Where a picture appears, skip it and copy everything else in the listing exactly.

— Collected data —
----

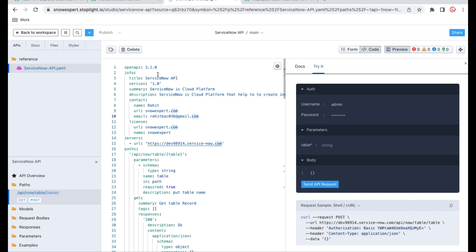Remember that Swagger is currently operating on version 3.0.0. So whenever you create the API project, make sure it is version 3.0. Then only Swagger will be supported. Both platforms' versions should be the same — then only you can use that YAML file in Swagger.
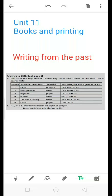Assalamu alaykum students. Today we are going to start the next unit of workbook, Unit 11, Books and Printing. We are going to start from the topic Writing from the Past.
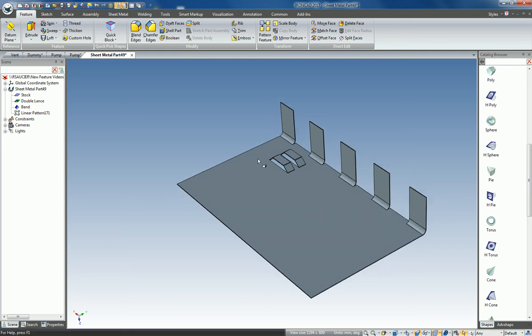We can also select components on sheet metal and pattern them as well.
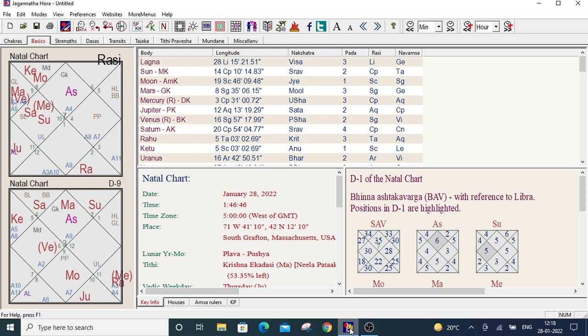Welcome to My Indian Astronaut. Today I will discuss how to see the transits in Jagannath Hora software.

----

— Worked solution —
Remember that Swagger is currently operating on version 3.0.0. So whenever you create the API project, make sure it is version 3.0. Then only Swagger will be supported. Both platforms' versions should be the same — then only you can use that YAML file in Swagger.
Assalamu alaykum students. Today we are going to start the next unit of workbook, Unit 11, Books and Printing. We are going to start from the topic Writing from the Past.
We can also select components on sheet metal and pattern them as well.
Welcome to My Indian Astronaut. Today I will discuss how to see the transits in Jagannath Hora software.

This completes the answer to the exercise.